A la date du 7 octobre, nous pouvons tous terminer cette belle histoire par quelques invocations à la Sainte Vierge, choisies dans les litanies :
Mère de l'Eglise, priez pour nous !
Mère du Bon Conseil, priez pour nous !
Secours des chrétiens, priez pour nous !
Reine du très saint Rosaire, priez pour nous !
Reine de la Paix, priez pour nous !
Notre Dame du Saint Rosaire - 7 octobre
La fête du Saint Rosaire est célébrée le 7 octobre, date à laquelle la flotte chrétienne remporta à Lépante une victoire décisive sur les Turcs musulmans.
La fête a été étendue à tout le rit romain en 1716. Célébrée le 1er dimanche d’octobre jusqu’à la réforme de Pie X, fixée au 7 octobre en 1914, le 1er dimanche d’octobre reste encore, dans le code des Rubriques de 1960, le jour propre de la solennité externe de la fête.
La réforme de Jean XXIII en a changé l’intitulé : au lieu de la fête du Très Saint Rosaire, il est désormais fête de Notre-Dame du Rosaire.
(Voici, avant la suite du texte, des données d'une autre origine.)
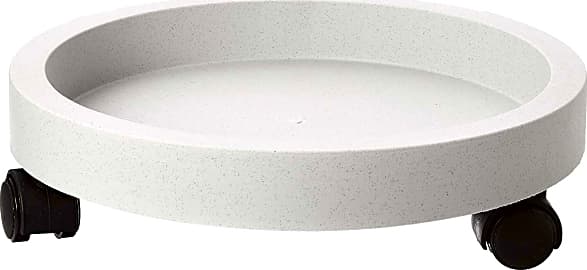 Rocky Mountain Goods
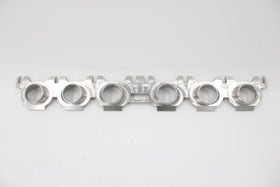 VTT-FAB Turbo Head Flanges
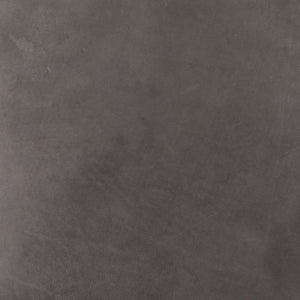 Monza Dining Chair In Heritage Graphite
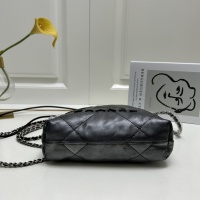 $88.00 USD Chanel AAA Quality Messenger Bags For Women #1252636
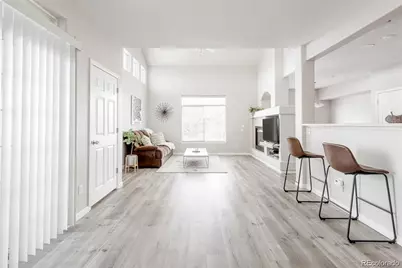 1509 S Florence Court #209, Aurora, CO 80247 - Photo 1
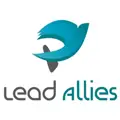 Lead Allies Inc jobs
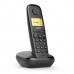 GIGA-TEL A170 NEGRO GIGA-TEL A170 NEGRO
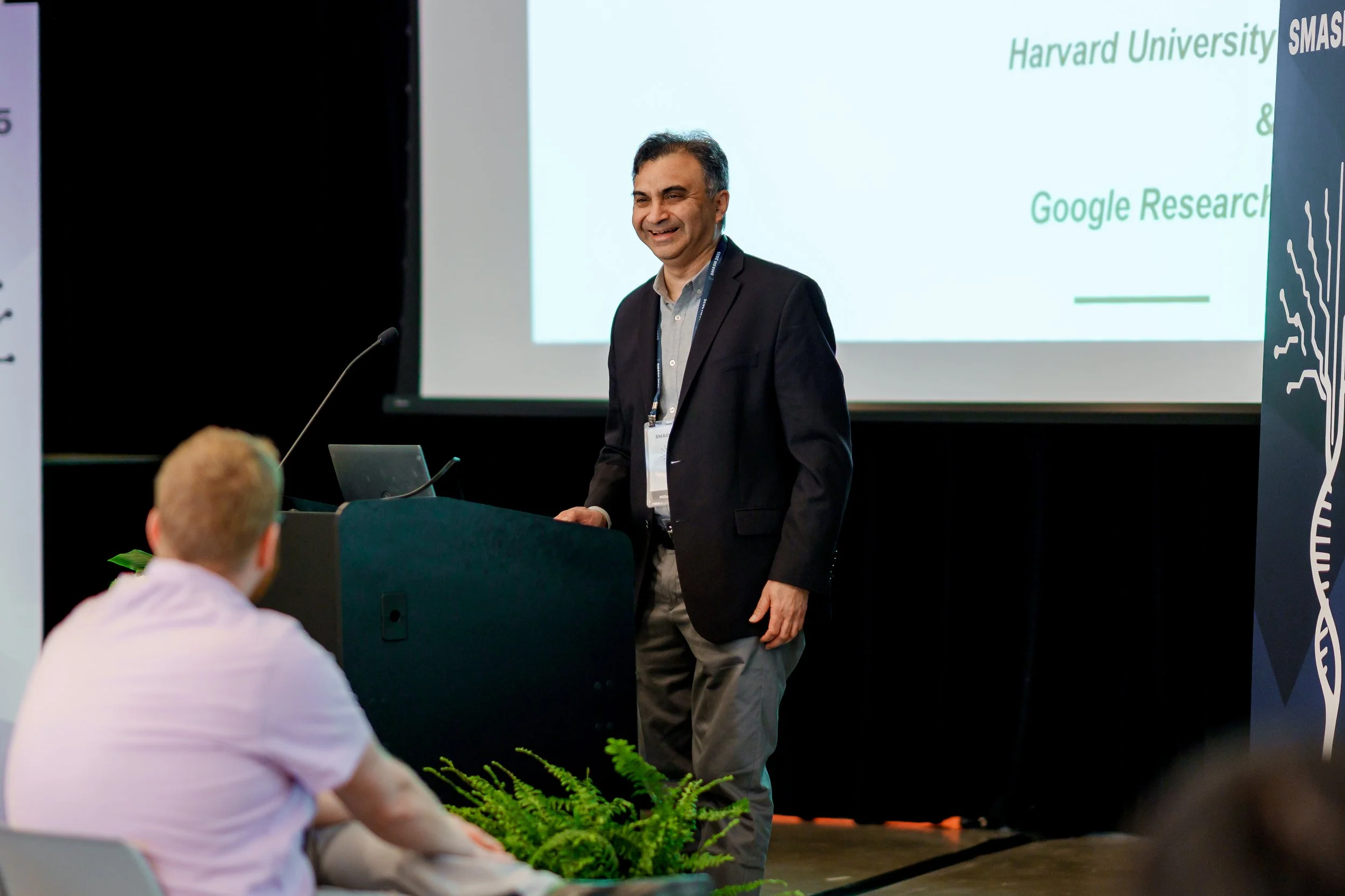 Nicolas Abou- Origine Studio - DSC03237.jpg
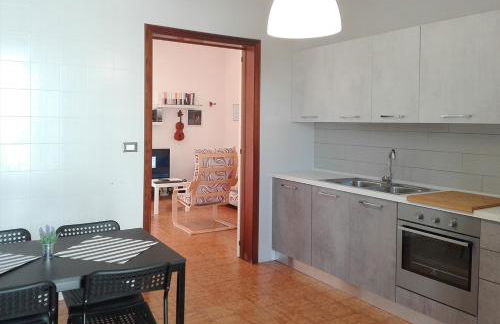 Oroblu. Villetta singola a 50 metri dal mare - Foto 24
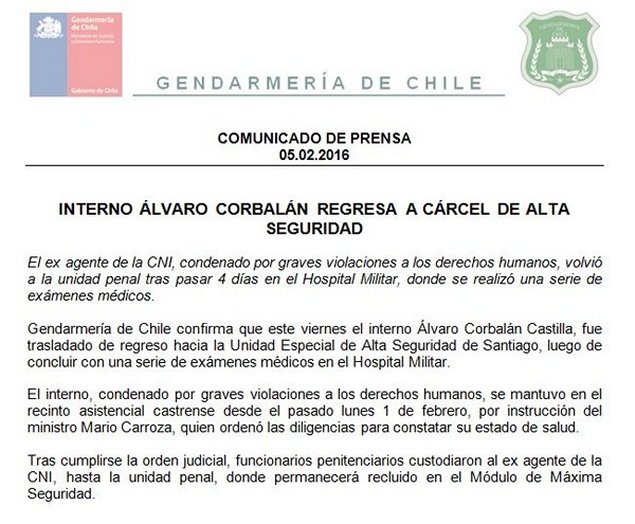 Imagen foto_00000015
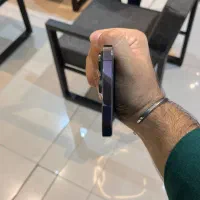 آیفون 14 پرومکس iPhone 14 promax|موبایل|مشهد, کوثر|دیوار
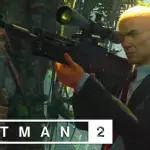 Default image
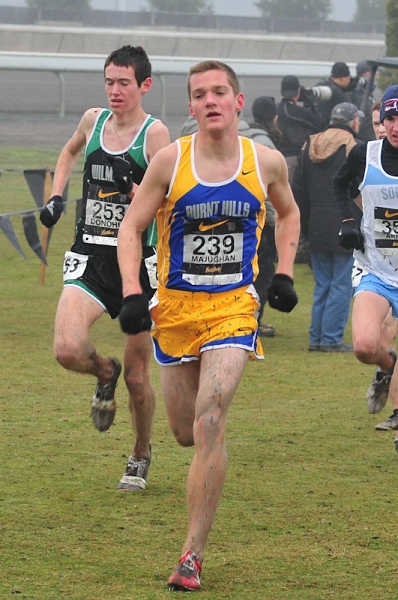 09_NXN-375.jpg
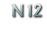 N12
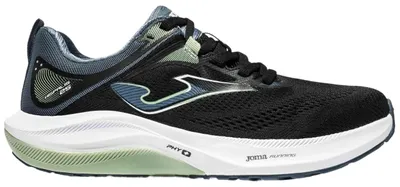 Zdjęcie produktu dla Buty do biegania Joma Zapatillas Joma Hispalis   azul verde dla Męskie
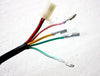 LIFAN W150 150cc Dirt Bike Magneto Stator Wiring Harness Loom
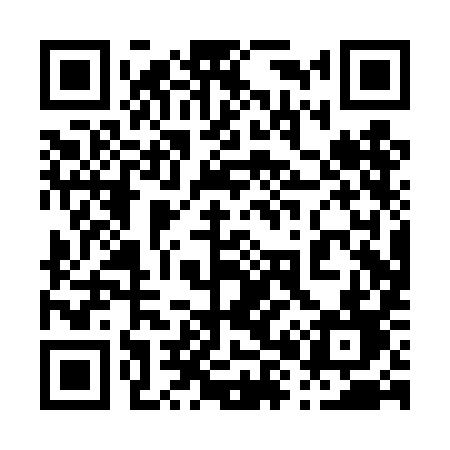 QR code for 080TID
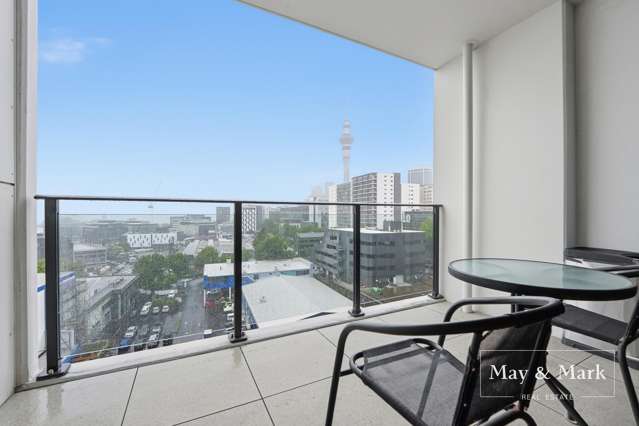 L5/145 Nelson Street Auckland Central_1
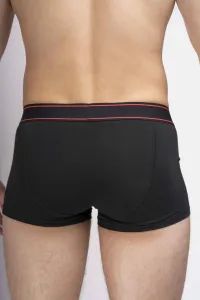 Pánske boxerky Lonsdale 2-Pack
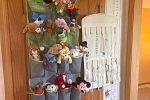 Sale Photo Thumbnail #11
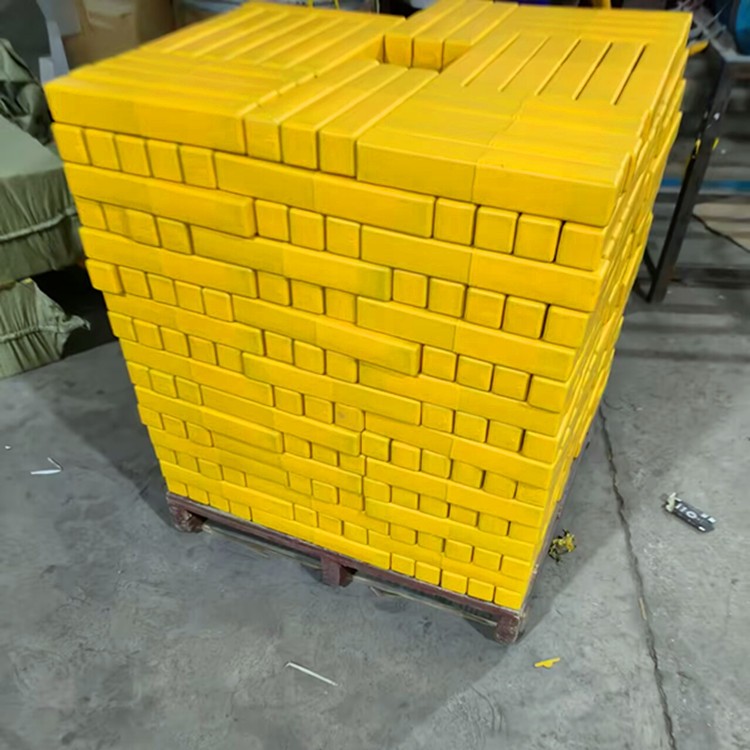 30CrMnSi焊接焊条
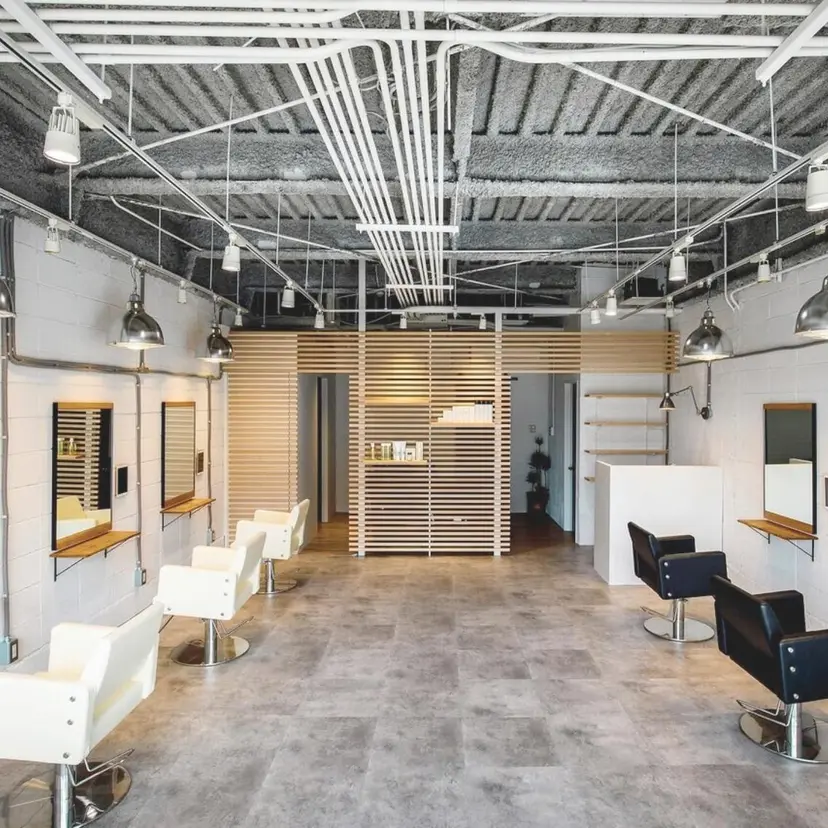 水野 斗希好の掲載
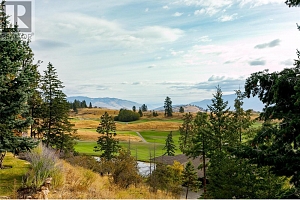 450 Niblick Court - Photo 45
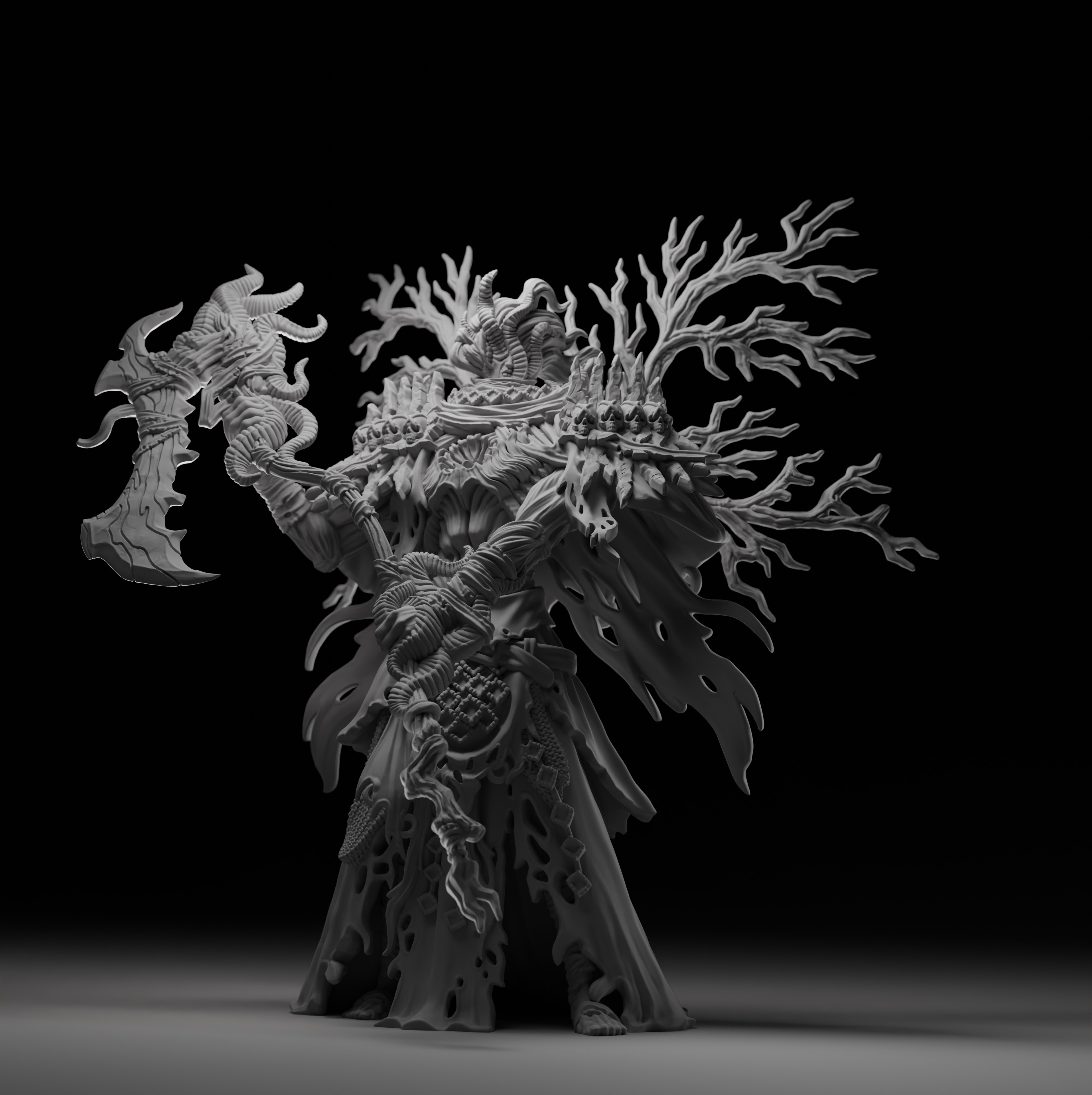 Portfolio item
Replaçons-nous dans le contexte historique. C'était en 1571. Le pape saint Pie V avait préconisé la récitation du Saint Rosaire avant la bataille navale qui fut une éclatante victoire.
Il institua une fête annuelle sous le titre de Sainte Marie de la Victoire mais peu après, le pape Grégoire XIII changea le nom de cette fête en celui de Notre Dame du Saint Rosaire.
Le Rosaire avait été institué par saint Dominique au commencement du XIIIe siècle.
Par le zèle des papes, et aussi par les fruits abondants qu'il produisait dans l'Église, il devenait de plus en plus populaire. Au XVe siècle, le bienheureux Alain de la Roche, dominicain, fut suscité par Marie pour raviver cette dévotion excellente. Plus tard, dans les premières années du XVIIIe siècle, parut un homme extraordinaire appelé à bon droit le Dominique des temps modernes, et qui fut le grand propagateur, l'apôtre de la dévotion au saint Rosaire : c'est saint Louis-Marie Grignon de Montfort. C'est le moyen qu'il jugeait le plus puissant pour établir le règne de Dieu dans les âmes. Son œuvre a continué après lui ; c'est le rosaire à la main que la Vendée, en 1793, a défendu ses foyers et ses autels.
« Totus tuus », expression de Saint Louis Marie Grignon de Montfort, désormais rendue célèbre par Jean-Paul II qui en avait fait sa devise. Dans son testament ce dernier écrivait de la Vierge : "Je ressens encore plus profondément que je suis totalement comme entre les mains de Dieu - et je reste constamment à la disposition de mon Seigneur, me confiant à Lui dans Sa Mère Immaculée (Totus Tuus).